Page:Scott's Last Expedition, Volume 2.djvu/81
useless to try and warm the place. The wind was working in through the cracks in the snow blocks which we had used for baulking outside, and there was no possibility of stopping these cracks. I got out and cut up a triangular piece outside the door so as to get the roof cloth in under the stones, and then packed it down as best I could with snow and so blocked most of the drift coming in. Bill said the next evening, 'At any rate things look better to-night—I think we reached bedrock last night'—as a matter of fact we hadn't by some long way. The igloo was naturally very cold, and it blizzed all that night, blowing 6.
The greater part of the next day the wind had fallen, and we got all the drift we could find from the last night—it wasn't much—-and packed in the sides of the igloo.]

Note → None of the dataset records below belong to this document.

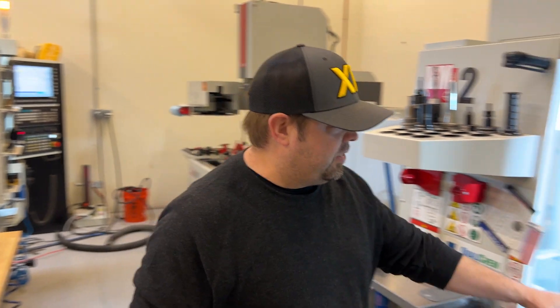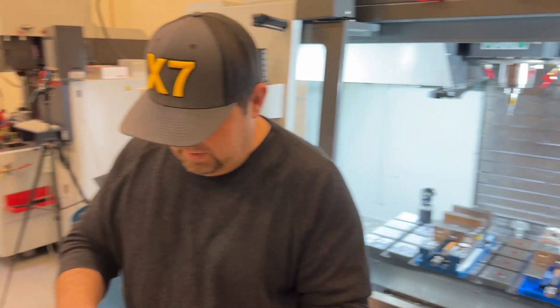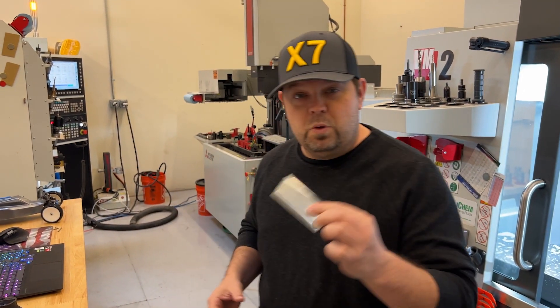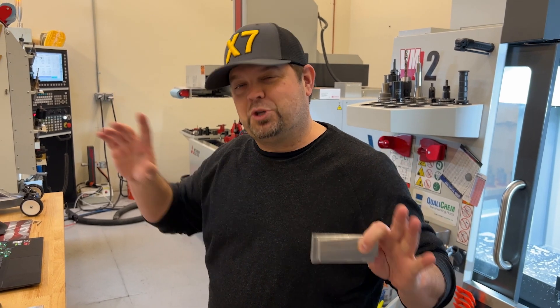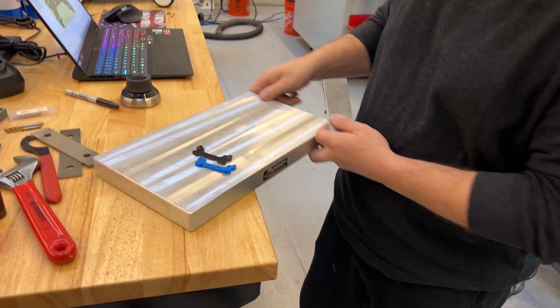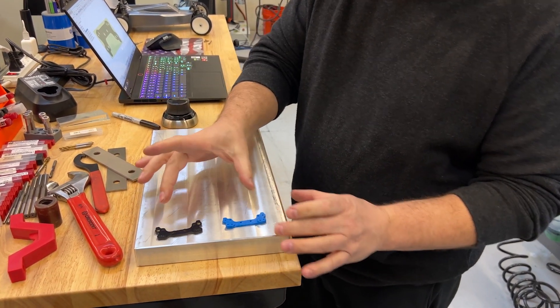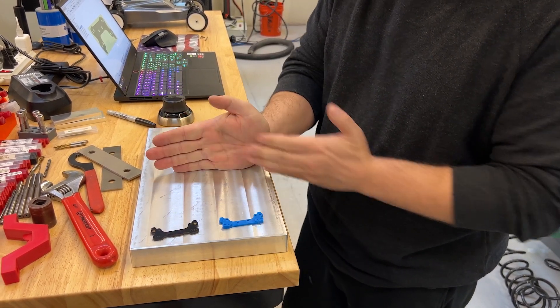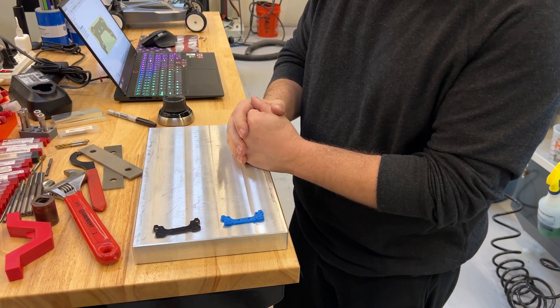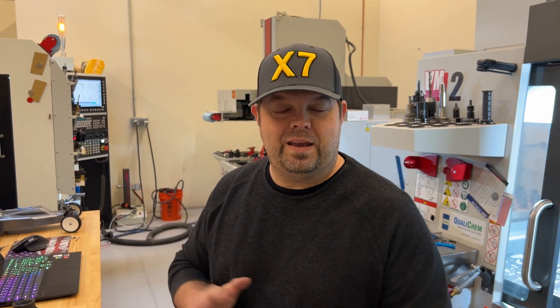So I grabbed some aluminum scraps I had floating around and threw them in our little VM2 and decked them off. Since I've already got other work on that machine, most of the time for projects like this I use the X7. I'm gonna show you this — if I were gonna make lots and lots of these, you guys know this is a Pearson pallet system for fast work holding. If I were really serious about making lots of these, I would probably line them up so I could make a whole bunch — maybe half the pallet for side one, the other half for side two — that way we'd make a lot of parts every time we hit cycle start.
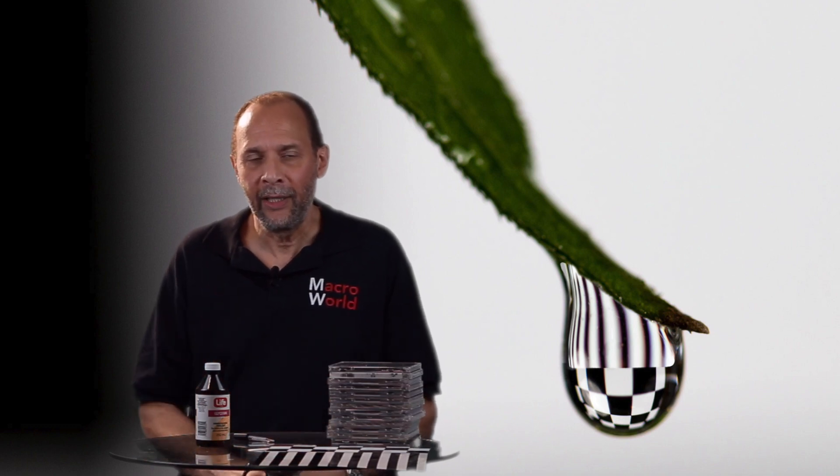You can place all kinds of different patterns in water drops. One time I even put a flag in the drop — you can do anything you want. It's lots of fun. Give it a shot. I think you're really going to enjoy this project. Until next time, I'm Ray Scott reminding you to shoot small, but think big.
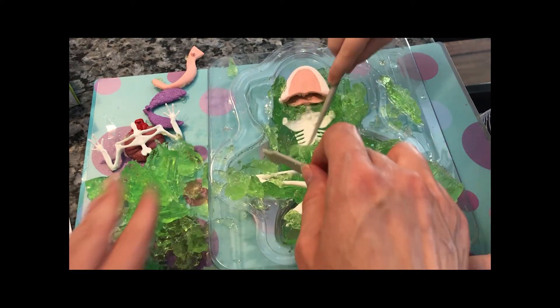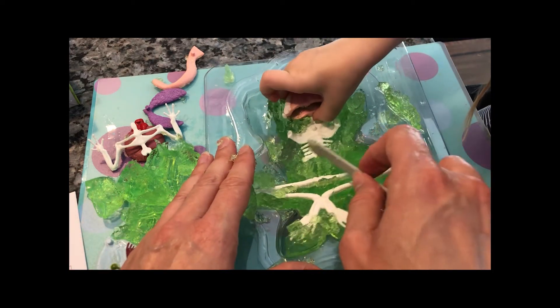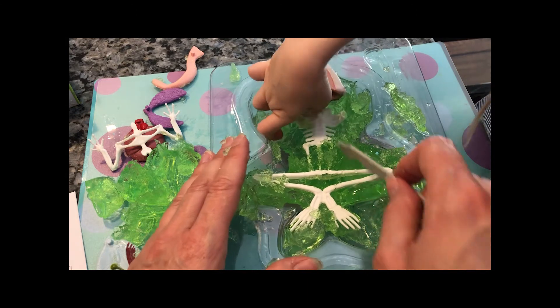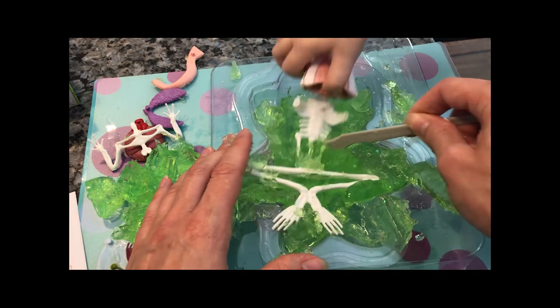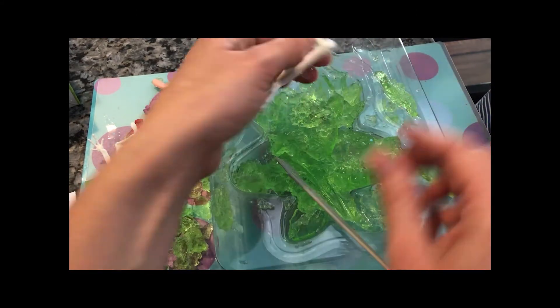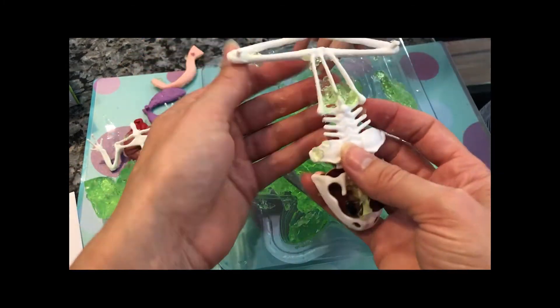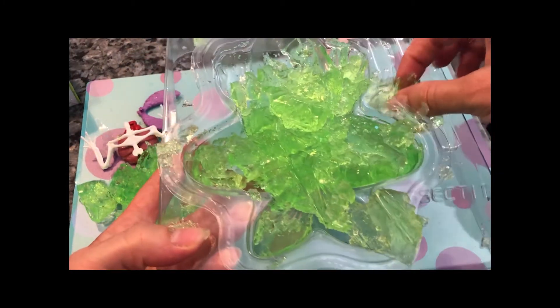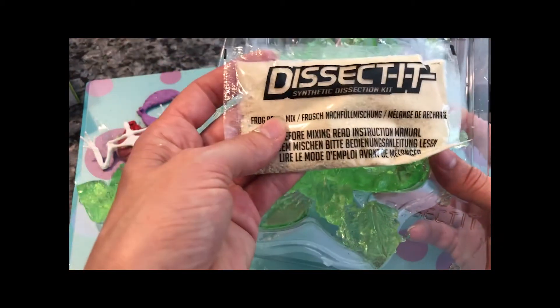I found that. It's a part of the skeletal system. I think we have to take the whole body out. So we've got the frog skeletal system. We can actually reuse this mold to make another frog. That's what this stuff is if we want to do this again. You think you're going to do this again?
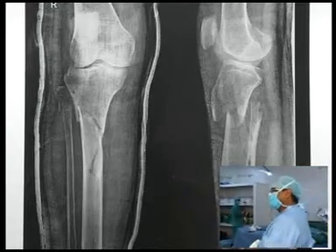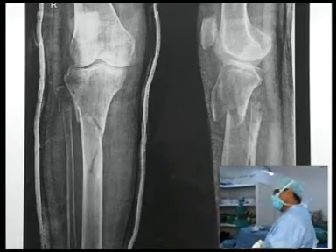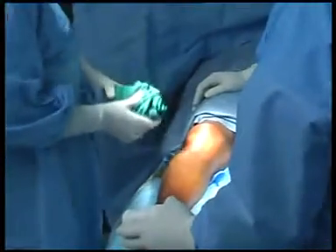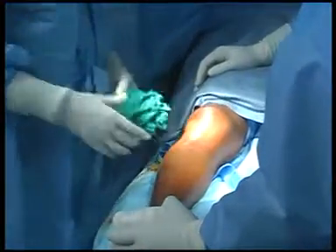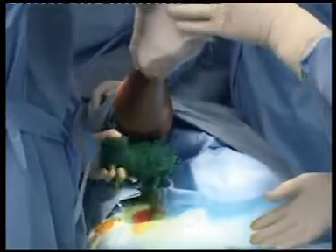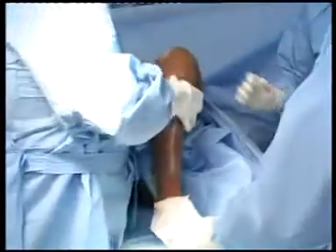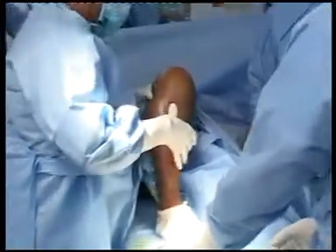I am also for plating. The end of tibia is pushed in front. I think you are able to see the picture now. What I am going to do is I will keep the knee joint in flex in this fashion — the assistant will keep holding in this position.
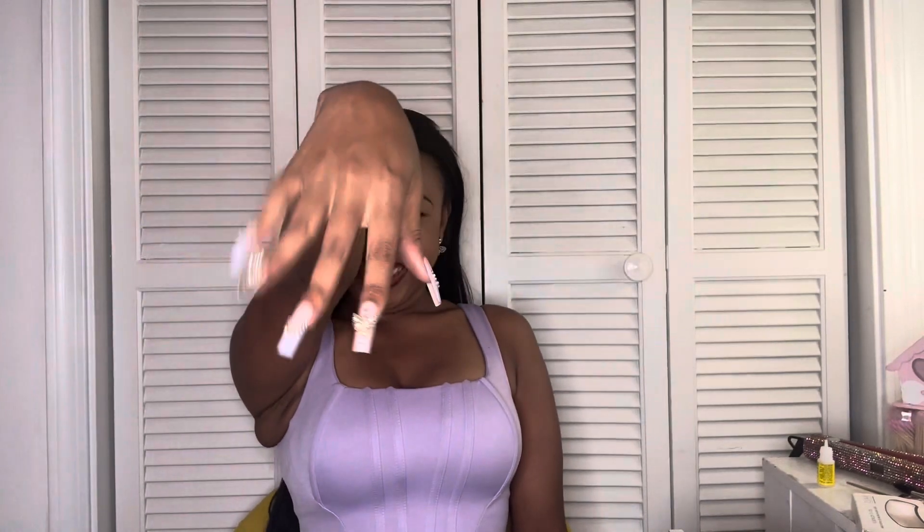Okay, I'm finished with the first hand. What do you think? I think she looks really pretty — they're about to look really really pretty. Let me do the other hand next.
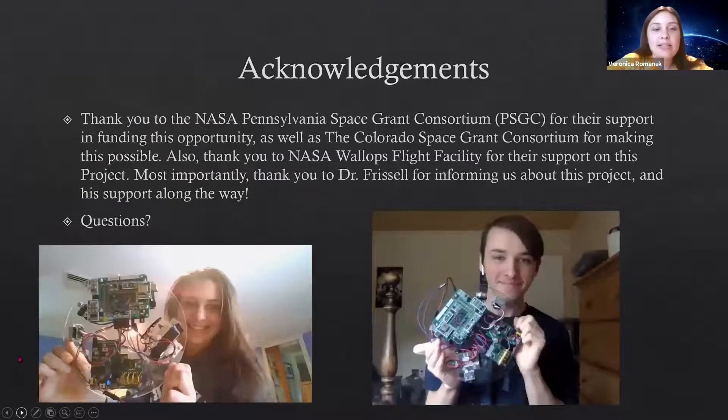My acknowledgements: thank you to the NASA Pennsylvania Space Grant Consortium for their support and funding, as well as the Colorado Space Grant Consortium for making this possible. Thank you to NASA Wallops Flight Facility for agreeing to launch this for us. And most importantly, thank you to Dr. Purcell for informing us about this project and his support along the way. This is a picture from the website of me and Kevin with our completed disks. We did have a third team member Ryan, but early on he had to commit to a lot of schoolwork — we do appreciate his help with soldering some of the materials.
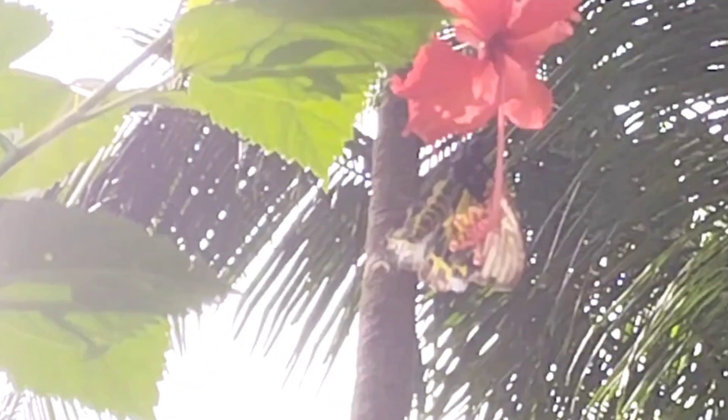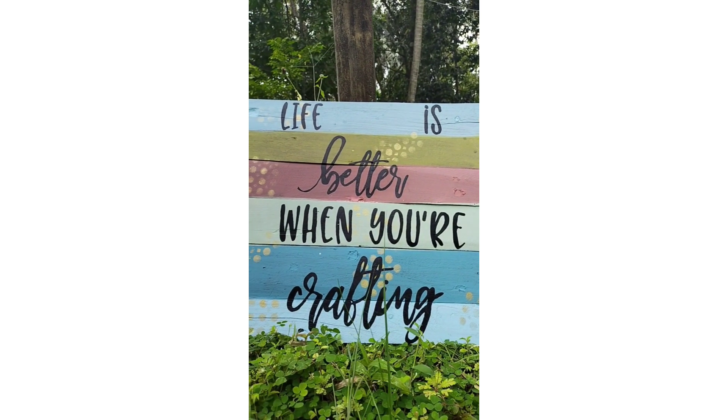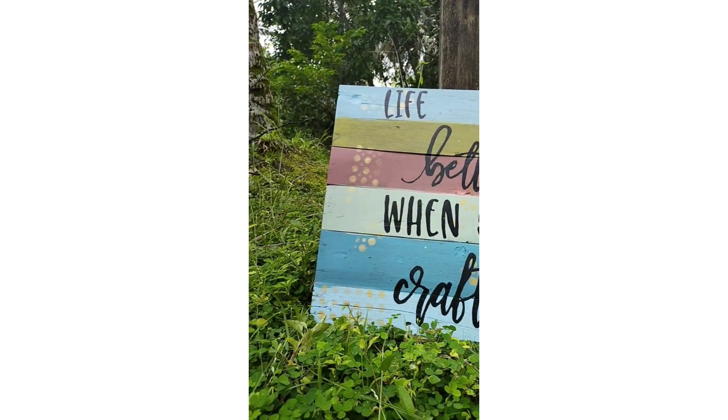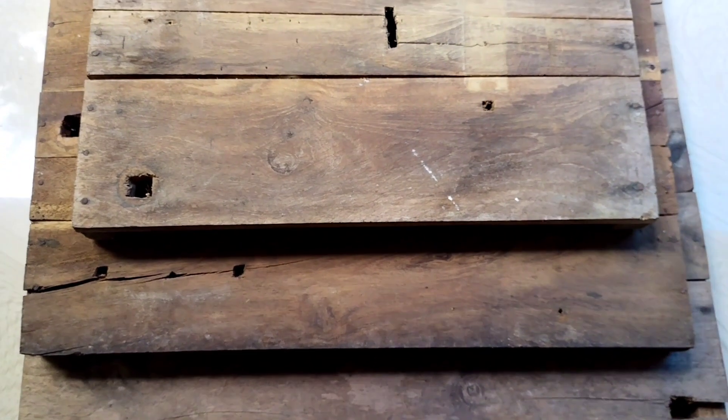Hello, assalamu alaikum! Welcome back to our channel. Today we are here with a DIY using brushes and paints on wooden boards. These wooden boards were discarded in the attic, so we thought why don't we do something creative with those. So keep watching!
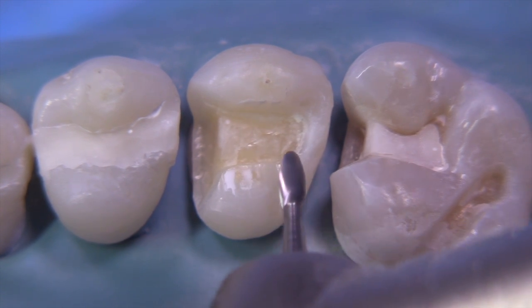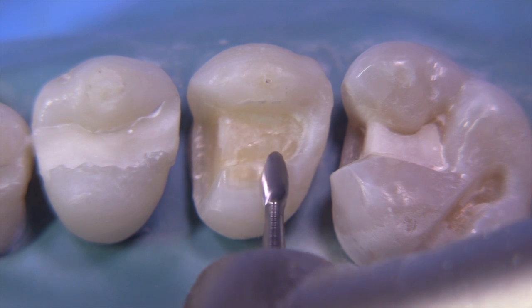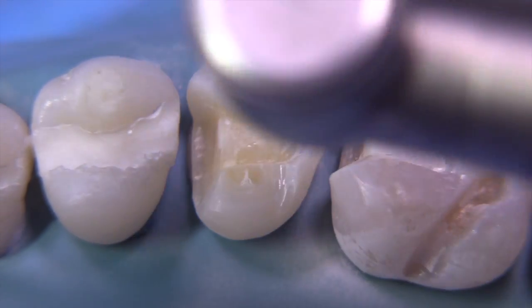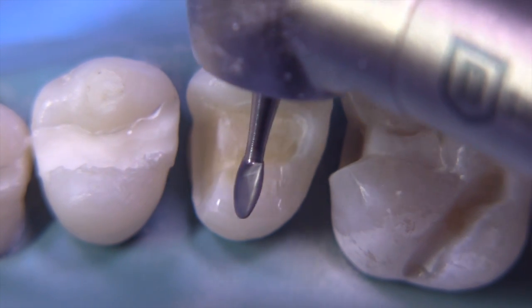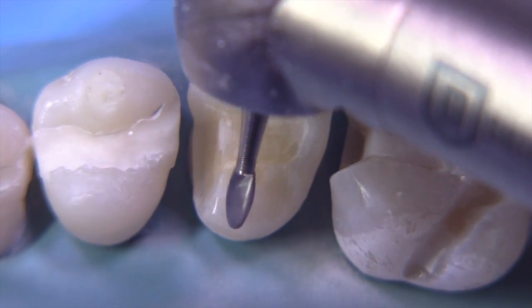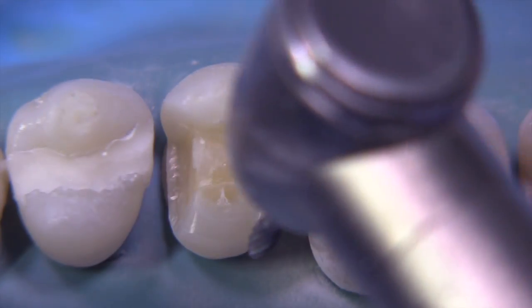You want to keep an idea of how much you are prepping. We'd like to have 1.5 millimeters of gold on top of this. So you have to just either use depth cuts or the thickness of the burr to estimate that. And then, once the rubber dam's off, we can go back and verify the reduction with interocclusal records that we can measure before we're ready to take the impression.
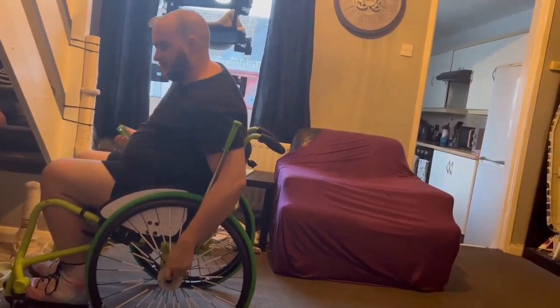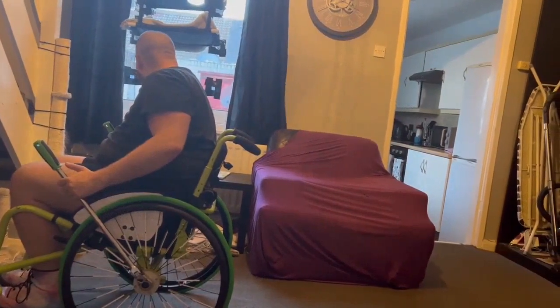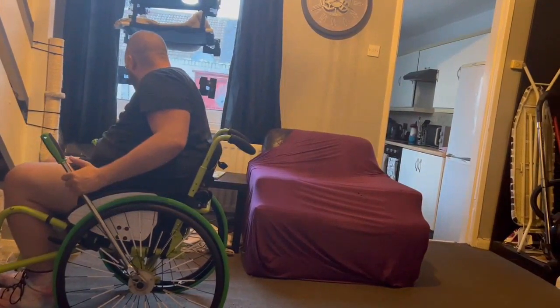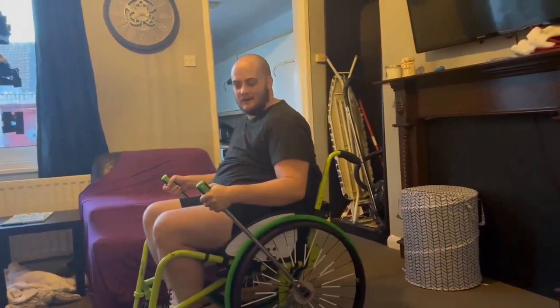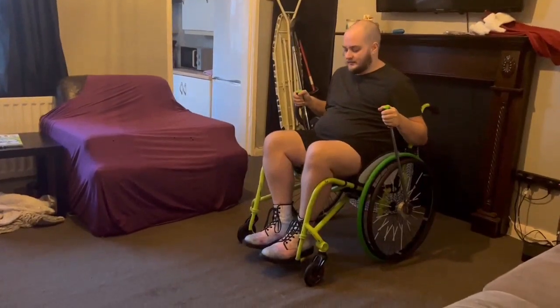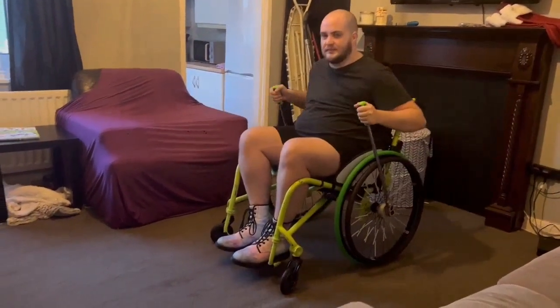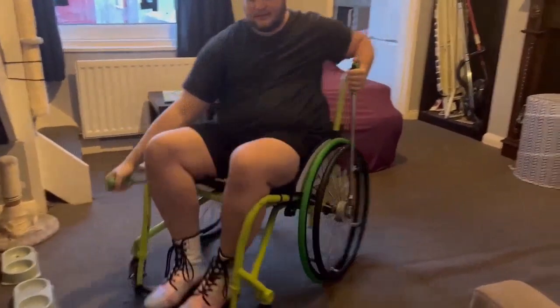If you need to back up, you just switch the direction. That's how it works. So to pop a curb, you can still do that with these — just pop the wheelie, just like in a regular chair.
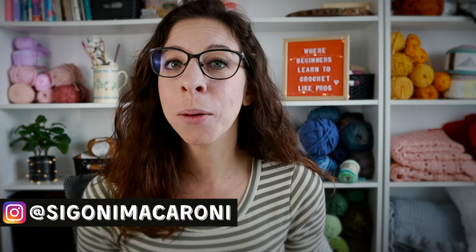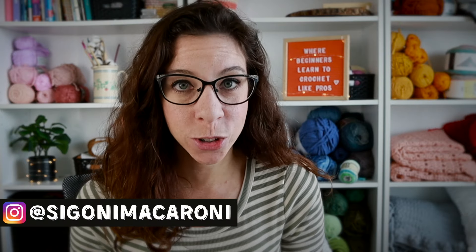Hello and welcome to the Learn to Crochet the Easy Way Masterclass. I'm your instructor Sigoni, and today we will be learning how to read crochet patterns.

The temperature to-day had not been below −28·3°. There had been a southerly wind all day which we had felt at all the more exposed parts of the way down to the sea ice and in the hollows under the cliffs. It gradually freshened in the afternoon and stratus came up from the south. At 8 p.m. it was blowing force 6 from the S.S.W., but the sky was clear to the N.E.
Friday, July 21, 1911.—Our first night in the hut was comfortable enough, though the breeze freshened during the night and increased to force 8, but fell to 5 in the morning. The only thing we did not quite like was the tendency the wind had to lift the canvas roof off its supporting sledge—so we piled large slabs of icy snow on the canvas top to steady it down and prevent this.